Thursday, November 29, 2012
Montreal Impressions: Art
ONCE UPON A TIME... IMPRESSIONISM (although on the website they spell it with two "n"s)
October 13, 2012 to January 20, 2013
In a long line of fabulously wealthy Americans amassing art, Sterling Clark and his French actress wife, Francine, amassed a remarkable collection, and - while their Art Institute in Williamstown, Massachussetts undergoes expansion work - 74 of the paintings are touring Asia, Europe and, in its only Canadian stop, Montreal, at the Museum of Fine Art.
I'm not a particular fan of Impressionism, nor of the big shows, but my last experience here was so excellent, I thought I'd give it a go.
From the website:
"Seventy-four paintings by Bonnard, Corot, Degas, Gauguin, Manet, Millet, Monet, Morisot, Pissarro, Sisley and Toulouse-Lautrec, including a selection of twenty-one outstanding canvases by Renoir, and the Degas sculpture Little Dancer Aged Fourteen (on view exclusively in Montreal) will be shown at the MMFA. The inclusion of academic works by Bouguereau, Gérôme and Stevens, among others, will enable visitors to see how the new ‘modernism’ challenged official painting.”
I was a bit taken aback when I got into the ticket line when a friendly volunteer informed me that there were no timed tickets, so there seemed to be no control as to how many people toured the venue at any one time. I don't know if it's a Montreal thing, but everything seemed to flow well. I still spentt most of the time ducking, bobbing, weaving, and apologizing as I listened to the excellent audio guide. But the exhibit was excellent.
The canvasses were stunning. There is that faint surprise when you see a picture you've viewed many times or on tea towels or postcards suddenly loom large and in living colour before you. It was Rousseau's Farm in the Landes (1844 - 67) that brought tears to my eyes. Of course, it's riddled with trees, which are pretty much my favourite thing in the whole world. The life in the painting and the obvious devotion he poured into it over 20 years is palpable.
Anything with trees in it captivated me, like Monet's Geese in the Brook (1874).

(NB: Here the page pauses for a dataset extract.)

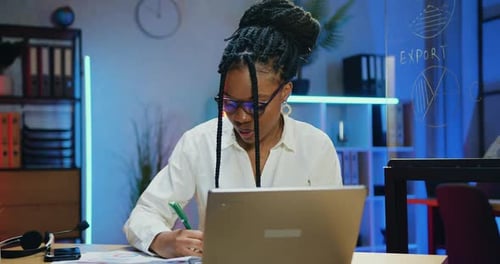 Femme d'affaires en lunettes travaillant avec des papiers et des informations informatiques au bureau du soir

I learned that Renoir's A Box at the Theater (At the Concert) (1880) originally had a male figure standing to the right behind the young ladies. Apparently you can still see his form somewhat in the red curtain backdrop. I can't.
But I love the contrasts in black and white, in sauciness and demureness, and how the younger girl's nose seems to be coming in dangerous collision with the other lady's elbow.
The rebellious Impressionists are now achingly mainstream. But an exhibition like this, excellently laid out, lit, paced... dispells the chocolate box overkill and instilled in me a renewed awe for some of our greatest artists.